山﨑彩音の「その時、ハートは盗まれた」
第34回目「今年出会った衝撃的な1枚〜フィービー・ブリジャーズ」
毎年自分にとって衝撃的な1枚と必ず出会えるのだが、まだ今年は2ヶ月ほど残っているけれど、フィービー・ブリジャーズの『ストレンジャーズ・イン・アルプス』が今年一番だと思う。
ちなみに去年はローラー・マーリング、一昨年はマデリンペルー。
毎年、不思議と女性のシンガーソングライターだ。
今までわたしはずっとバンドを聴いて過ごしてきたから、わたし自身がシンガーソングライターなのにシンガーソングライターという自覚がなくて、こんな風にシンガソングライターで同性で国の違う人の音楽に出会うと、毎年発見があって、そこに新しい概念を感じている。

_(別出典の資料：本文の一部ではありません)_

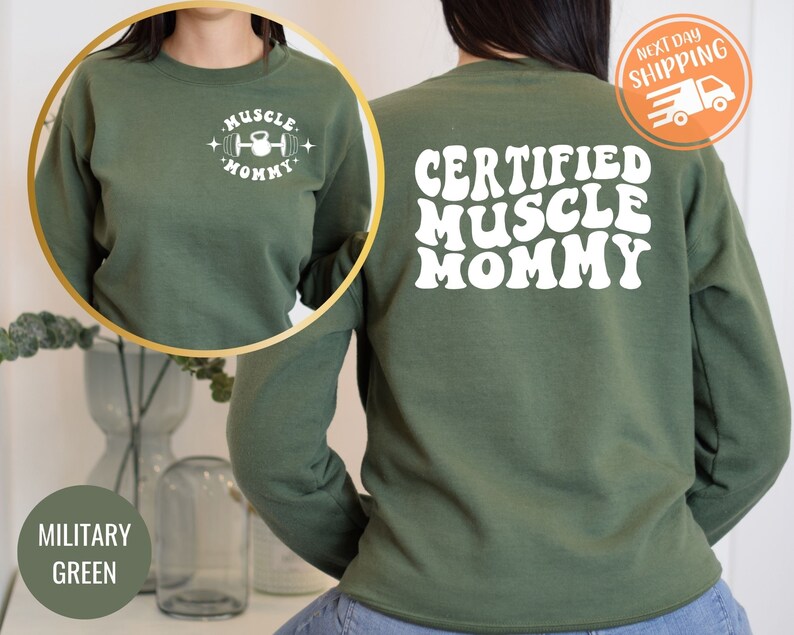 Op de afbeelding: Groen sweatshirt met de tekst "Certified Muscle Mommy" in witte retro-lettertype op de achterkant en "Muscle Mommy" met een halter- en kettlebell-afbeelding op de voorkant.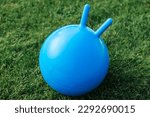 childhood, leisure and toys concept - close up of red bouncing ball or hoppers on grass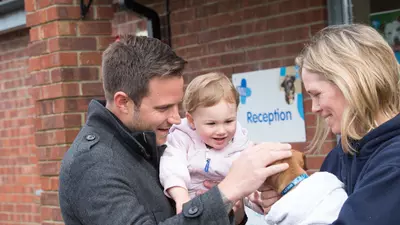 Couple with child introducing puppy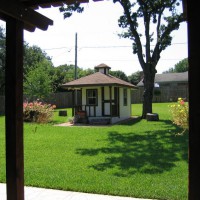 Photo Thumbnail #3: Playhouse and backyard from patio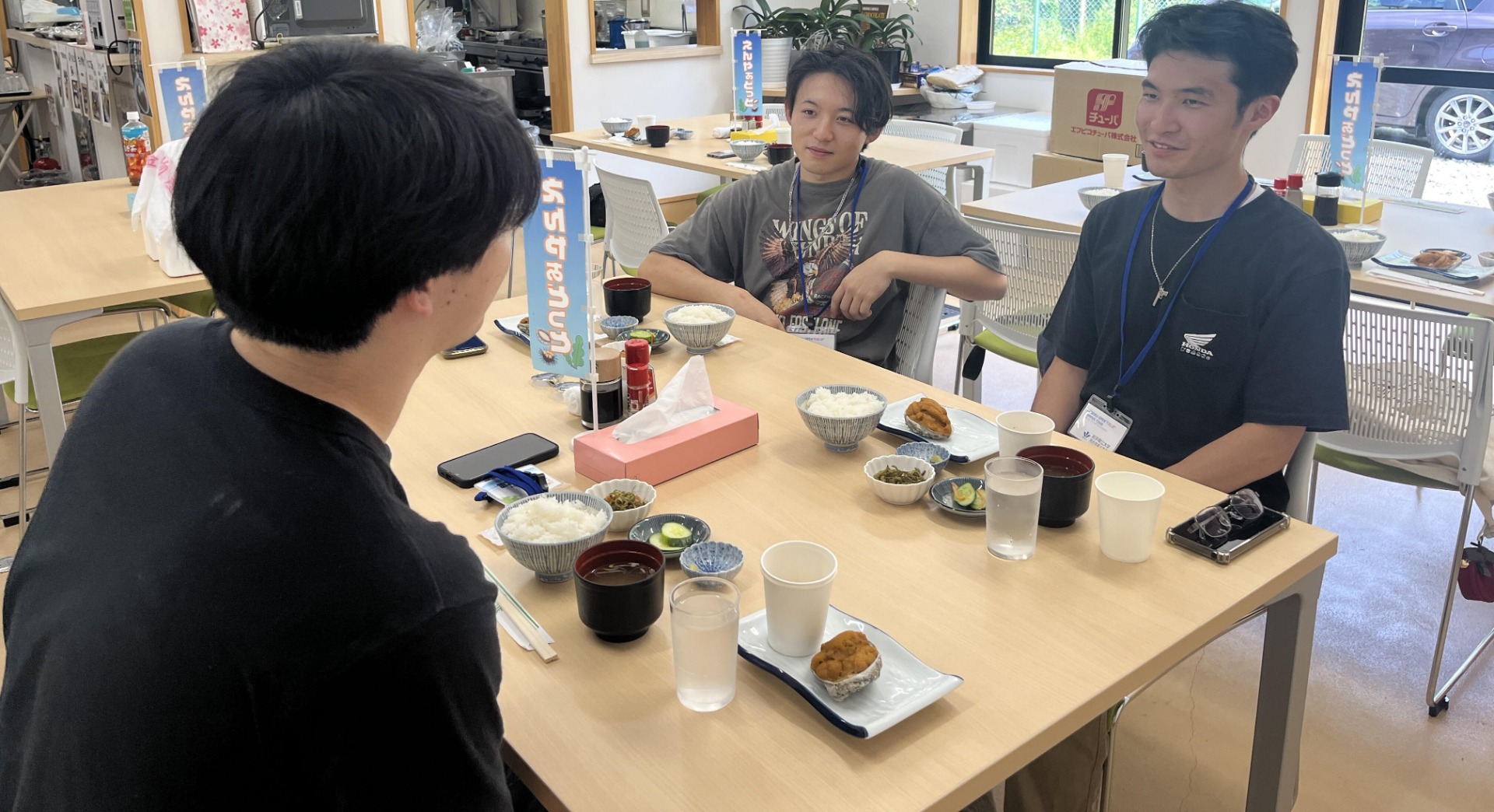 食事をしながら、談笑している学生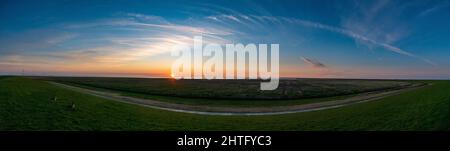 Coucher de soleil panoramique avec de doux nuages colorés sur une pelouse vivivivivivivibrer Banque D'Images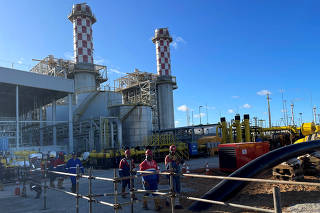 Workers walk outside Eneva power generation company's importing gas terminal in Aracaju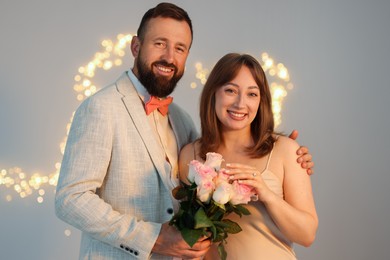 Photo of Making marriage proposal. Woman with engagement ring, flowers and her fiance on light grey background, bokeh effect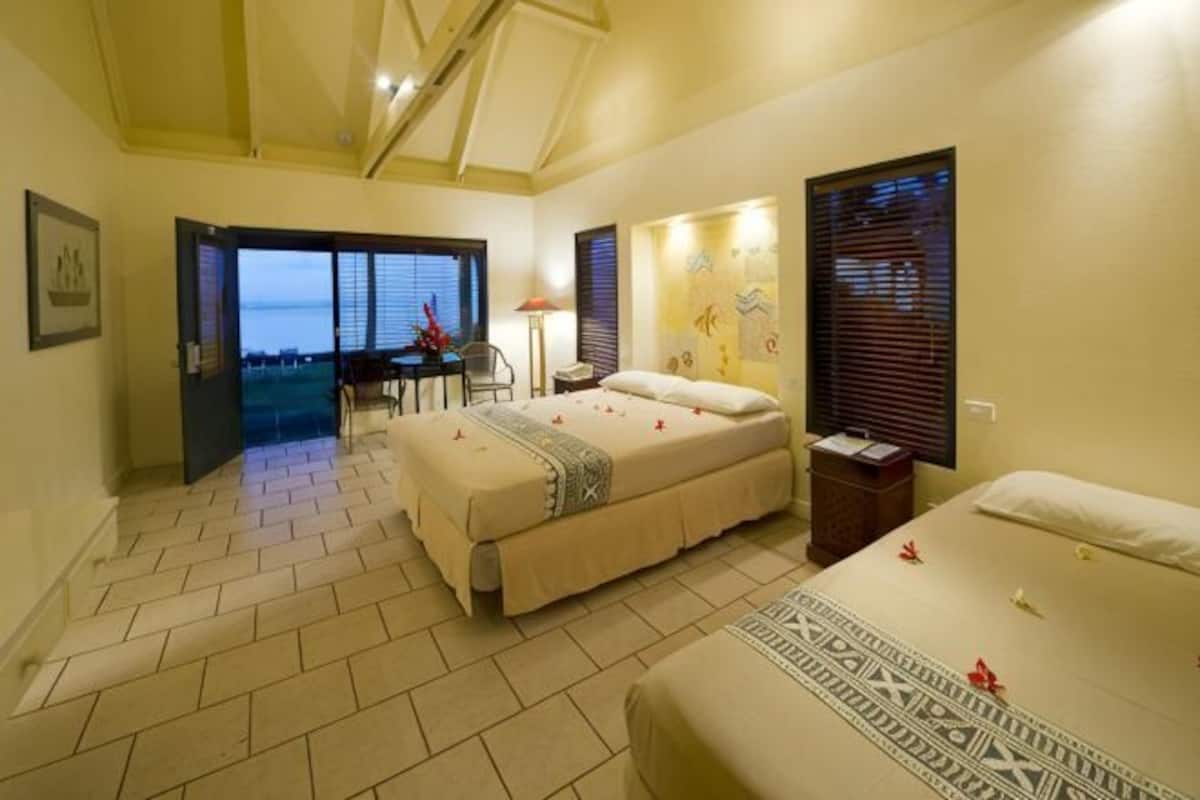 A bedroom with a bed, a desk, and a view through a door.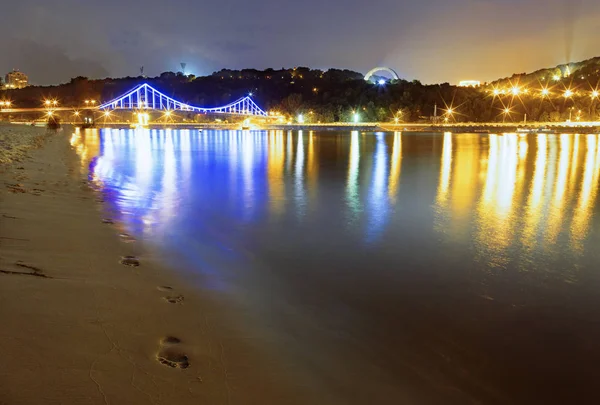 Reflection of the lights of night Kyiv and traces of barefooted on the sand of the embankment of the Dniro River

このフィービー・ブリジャーズの『ストレンジャーズ・イン・アルプス』は再生した途端、空気感でこれはもう好き!と察した。ゆったりと始まって、聴こえてくるのは悲しげな女の子の歌声。
いろいろ調べてみると、彼女はロサンゼルスの24歳の女の子。
しかもこれがファーストアルバムだったのだ。それに驚いた。
音も音数があるんだけどないように聴こえる。音量もそんなに大きくない。けど、同じ一定のグルーヴのなかでガーッと行くみたいな、そういうのが気づいたらずっと好きだったから、それを究めたというか、それだけが入ったアルバムを聴いてしまうと、それはもう衝撃的で、わたしは舞い上がった。
わかりやすく言えば浮遊感系。
だから歌詞とかも抽象的なものが多いのかなと予想して和訳を見たら、全然違くて。すごい日記的で私小説的。
わたし自身は最近、主観性をみたいなものを失くした上で歌詞を究めたいと思ってたけど、この子はすごく日記的に歌詞を書いているし、歌詞の内容もこじんまりしていた。例えば元カレが住んでた街の通り道に固執した歌とか。
そんな彼女の歌詞を見ていると、商業的にやろうなんて考えは当たり前になくて、本当にただ自由にやってるっていうか。彼女の生活や物事の受け取り方、感じ方を日記的に歌詞にして音楽にして歌っている。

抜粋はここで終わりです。